**ASSIGNMENT**
Only the lines from the one containing "DAMES GABOR sandalen met hak 750.2" through the end of the data below are to be repeated, exactly as given, without pictures.

**PROVIDED RECORDS**

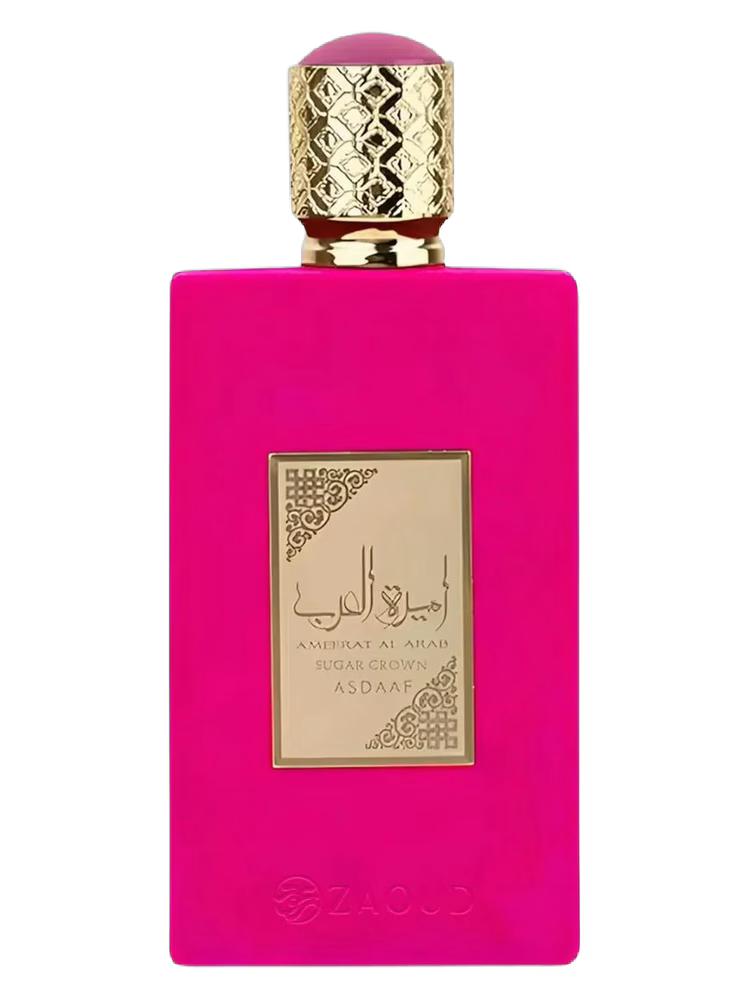 Ameerat Al Arab Sugar Crown Asdaaf
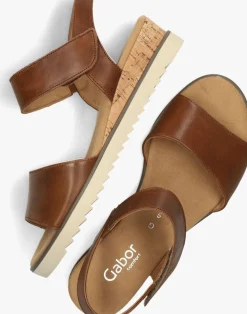 DAMES GABOR sandalen met hak 750.2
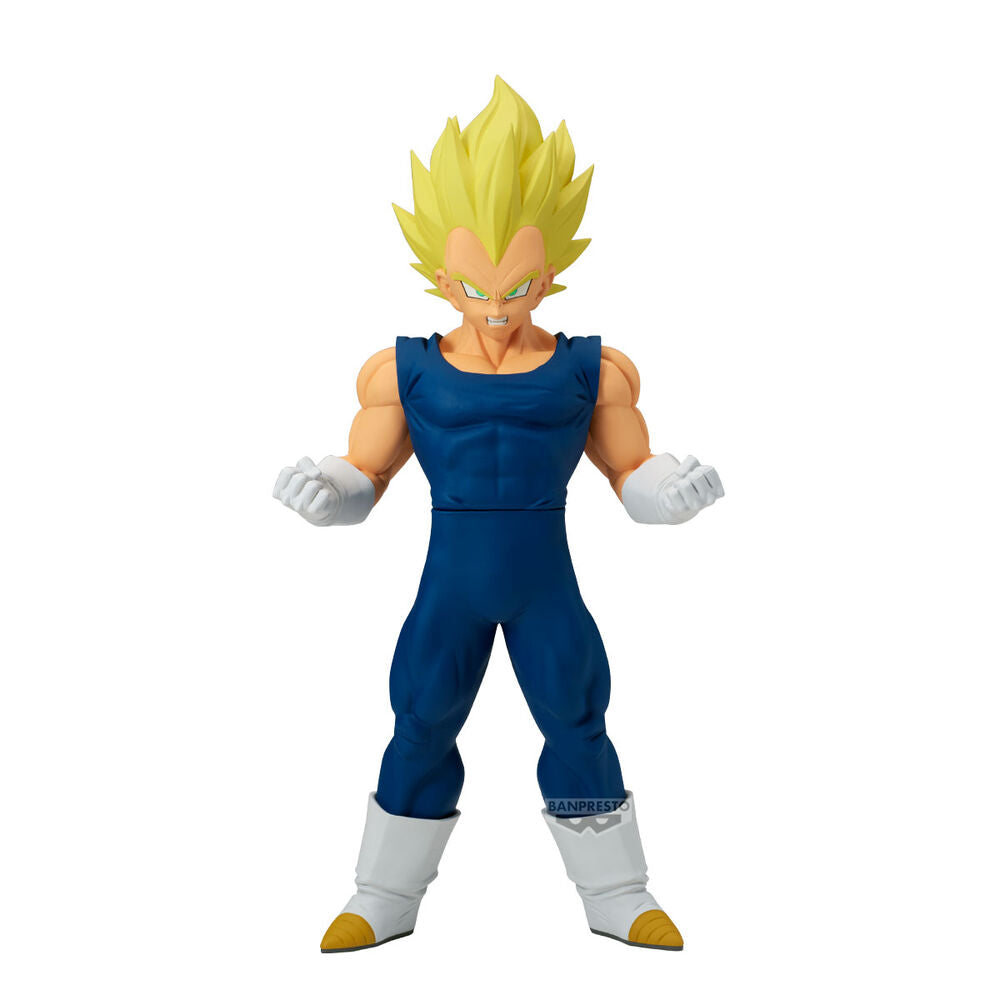 Banpresto Figura Vegeta Grandista Dragon Ball Z 26cm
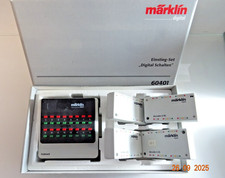 Märklin 60401 Einstiegset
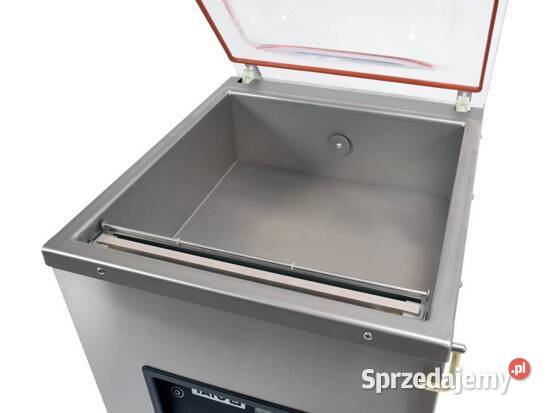 YG09311 PAKOWARKA PRÓŻNIOWA WOLNOSTOJĄCA 400MM sprzedam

**EXPECTED ANSWER**
 DAMES GABOR sandalen met hak 750.2
 Banpresto Figura Vegeta Grandista Dragon Ball Z 26cm
 Märklin 60401 Einstiegset
 YG09311 PAKOWARKA PRÓŻNIOWA WOLNOSTOJĄCA 400MM sprzedam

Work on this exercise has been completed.